Le texte qui nous est soumis comporte de nombreux points positifs : l'article 3 avec l'accompagnement des aidants, l'article 8 avec le financement du soutien et de la formation des bénévoles, les articles 19, 20 et 21 avec la suppression de la notion de placement, l'article 22 avec le contrat de séjour, qui gère la liberté de circuler de la personne âgée, l'article 29 avec l'évaluation large des besoins de la personne, au-delà de la grille AGGIR, et le rôle prépondérant de l'équipe médico-sociale dans l'évaluation de ses besoins, l'article 36 avec la prise en charge du répit des aidants, l'article 42 avec la possibilité de saisir le juge aux affaires familiales pour les impayés, l'article 47 avec l'élargissement du rôle de la CNSA et l'article 52 avec l'élargissement du rôle des maisons pour l'autonomie et l'intégration des malades Alzheimer (MAIA), qui ne sont plus une structure supplémentaire, mais un dispositif d'aide.

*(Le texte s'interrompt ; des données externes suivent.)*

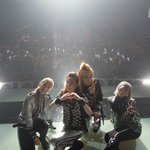 대충 찍어도 예쁜 '<b>2ne1</b>'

Des questions et des interrogations demeurent cependant, notamment à propos du développement de l'aide technique aux groupes iso-ressources (GIR) 5 et 6, qui nous semble positif à condition qu'il ne se substitue pas aux aides à la personne. Le forfait autonomie est également une proposition intéressante, à condition qu'il ne se substitue pas au forfait soins. Quant à la prise en charge des GIR 1, 2 et 3, sur laquelle le texte met l'accent, elle ne doit pas se faire au détriment des GIR 4.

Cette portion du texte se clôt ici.